Saat ia sedang beraksi mengencangkan ikatan-ikatan banner yang ada di dinding luar gedung, beberapa van hitam yang didalamnya berisi beberapa orang dengan mengenakan topeng biru melaju mendekat ke arah gedung. Sementara itu, di dalam salah satu kamar gedung, Se-Joon masuk ke dalam dan mendapati wanita simpanannya sudah menunggu dengan menuangkan anggur. Setelah sempat sejenak melampiaskan kangennya, Se-Joon menghentikan aktivitas mereka sejenak untuk menyimak siaran langsung mengenai istrinya, Choi Yoo-Jin (Song Yoon-A), yang sedang diwawancarai seputar kegiatannya dalam mendukung kampanye suaminya.

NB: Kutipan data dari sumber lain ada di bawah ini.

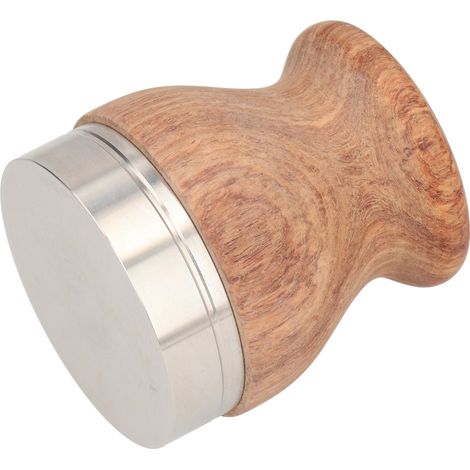 Tasseur à café plat en acier inoxydable, presse-poudre, marteau, manche en bois, accessoires pour le café, 53 mm (1/5)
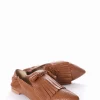 Mocassino tacco 1 cm testa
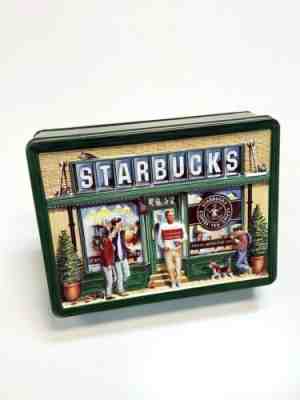STARBUCKS Coffee Large Cookie Tin Vintage 1999 - 3D Lid First Store Seattle 1971 - Sold on eBay Nov, 23rd 2019 for $17.77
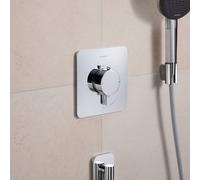 hansgrohe Ecostat Comfort Q Thermostat encastré pour 1 consommateur, 33712000, 33712000, Colorazione: cromo
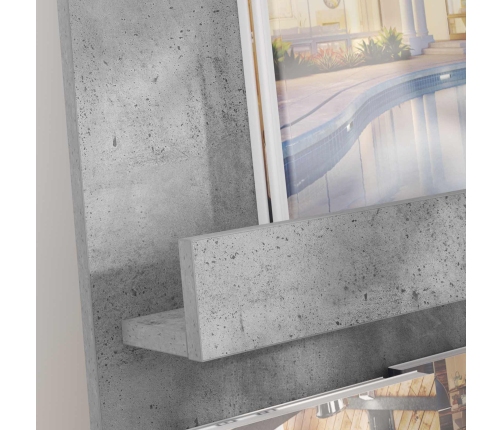 Žurnālu Statīvs Ar Plauktu Betona Pelēks 51 X 11 X 102 Cm Vidaxl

Di parkiran mobil, pasukan bertopeng biru mulai bergerak masuk ke dalam gedung. Se-Joon masih asyik menonton istrinya, yang terlihat cukup rendah diri dan humble di dalam interview tersebut. Selingkuhannya akhirnya tidak sabar lagi dan lantas mematikan layar televisi tersebut. Se-Joon membalasnya dengan ciuman yang mesra dan penuh gairah.
Sementara keduanya memadu kasih, pasukan bertopeng biru sudah semakin bergerak masuk ke dalam gedung. Saat itu Se-Joon baru menyadari keberadaan Je-Ha yang sedang membenarkan tali pengikat banner. Je-Ha sendiri sama kagetnya karena ia juga baru memperhatikan kamar tempat ia berada saat itu. Se-Joon segera menghentikan ciumannya dan meminta kekasihnya untuk menutup tirai jendela. Tanpa disangka, tiba-tiba ia mulai merasa pusing dan tak sadarkan diri beberapa saat kemudian. Kekasihnya tersenyum dan memintanya tidak perlu khawatir karena sebentar lagi semua akan berakhir. Ia lantas mengedipkan mata ke arah Je-Ha dan menutup tirai jendela.

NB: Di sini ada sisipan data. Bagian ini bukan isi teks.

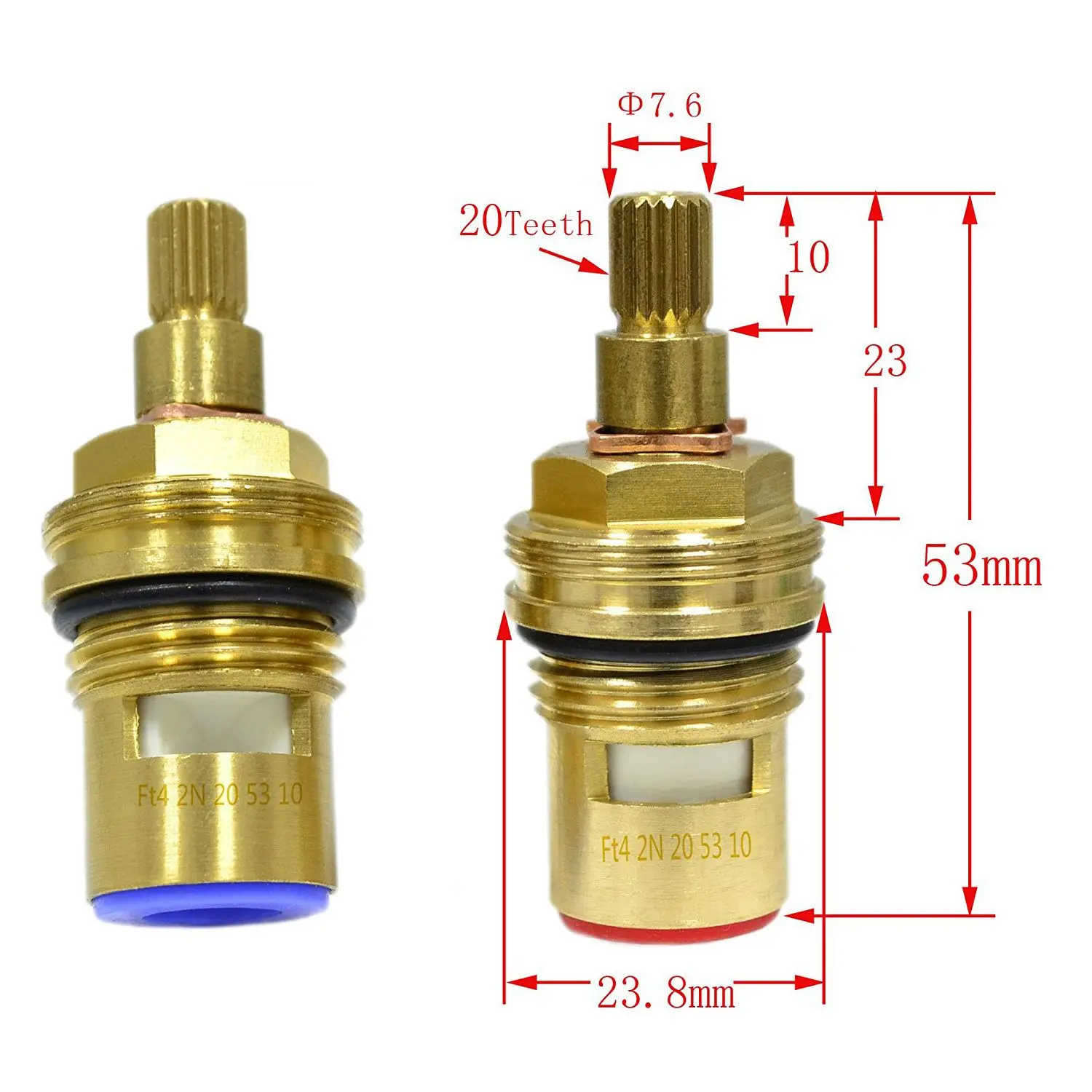 Brand New Universal Replacement Brass ceramic disc tap valve insert gland cartridge quarter turn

Satu demi satu bodyguard Se-Joon yang berjaga di gedung dapat dilumpuhkan oleh pasukan bertopeng biru. Para petugas yang sedang bekerja pun tidak luput dari mereka, termasuk si nenek cleaning service, yang dihajar kepalanya oleh gagang pistol. Je-Ha yang melihatnya sempat berusaha memberitahu si nenek untuk pergi, namun usahanya sia-sia. Sebaliknya, orang yang baru saja memukul si nenek, yang kini terjatuh dengan kepala bersimbah darah, mengetahui ada Je-Ha di luar sana. Walau demikian, ia hanya tersenyum sinis kepadanya.

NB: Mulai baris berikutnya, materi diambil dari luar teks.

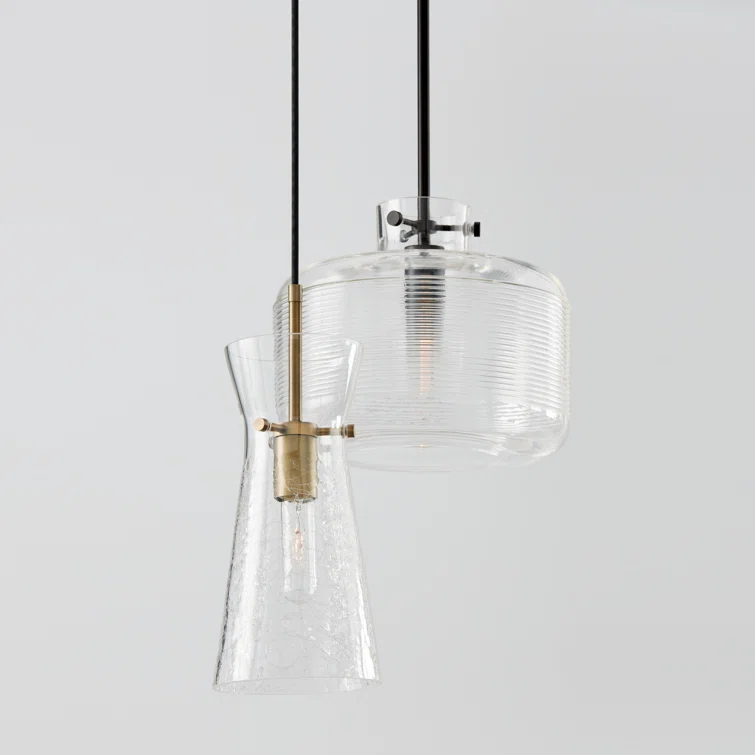 Mila 1 - Light Antique Brass Pendant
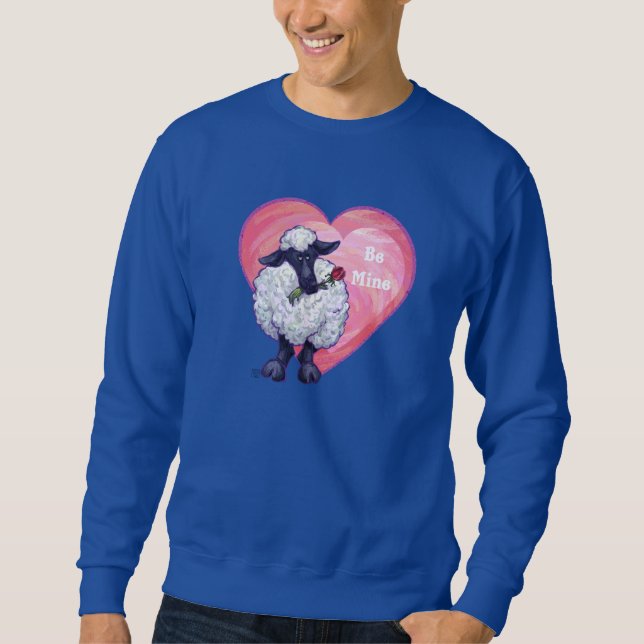 Sweatshirt Saint Valentin au mouton (Devant)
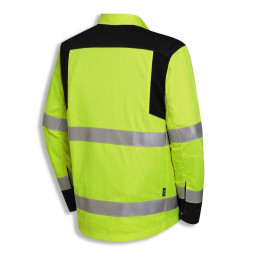 uvex high visibility Arbeitsjacke in warngelb mit Reflexstreifen für optimale Sichtbarkeit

Seiring dengan kamera yang dikeluarkan oleh salah satu pasukan bertopeng, kekasih Se-Joon mengatur posisinya bersama Se-Joon di tempat tidurnya. Rupanya, mereka berniat untuk menjatuhkan atau memeras Se-Joon dengan membuat foto-foto ia sedang berselingkuh. Untungnya, salah seorang bodyguard Se-Joon sempat menekan tombol darurat sesaat sebelum ia terjatuh. Mode darurat pun aktif, alarm berbunyi, dan pintu kamar Se-Joon otomatis terkunci. Mendengar alarm tersebut, bodyguard yang berada di luar segera masuk ke dalam. Begitu pula dengan pihak kepolisian, yang segera meluncur ke TKP.
Kekasih Se-Joon panik karena tidak bisa keluar dari kamar. Sementara Je-Ha, tidak bisa lagi menahan diri melihat kondisi si nenek, memutuskan untuk menerjang kaca (dengan memanfaatkan obeng yang ia miliki) dan masuk ke dalam. Beberapa anggota pasukan bertopeng yang ada di sana segera mengeroyoknya. Tapi berhubung Je-Ha jagoannya, sudah pasti ia yang menang 😀
Polisi tiba di gedung. Salah satu anggota pasukan bertopeng yang berjaga di mobil segera memberitahu rekan-rekannya untuk lekas meninggalkan tempat. Je-Ha, yang tidak mempedulikan mereka kabur atau tidak, segera mendatangi nenek cleaning service dan kembali mengecek kondisinya. Salah satu bodyguard dan polisi tiba tak lama kemudian di ruangan tersebut. Si bodyguard melihat ke arah Je-Ha, yang meminta untuk dipanggilkan ambulans.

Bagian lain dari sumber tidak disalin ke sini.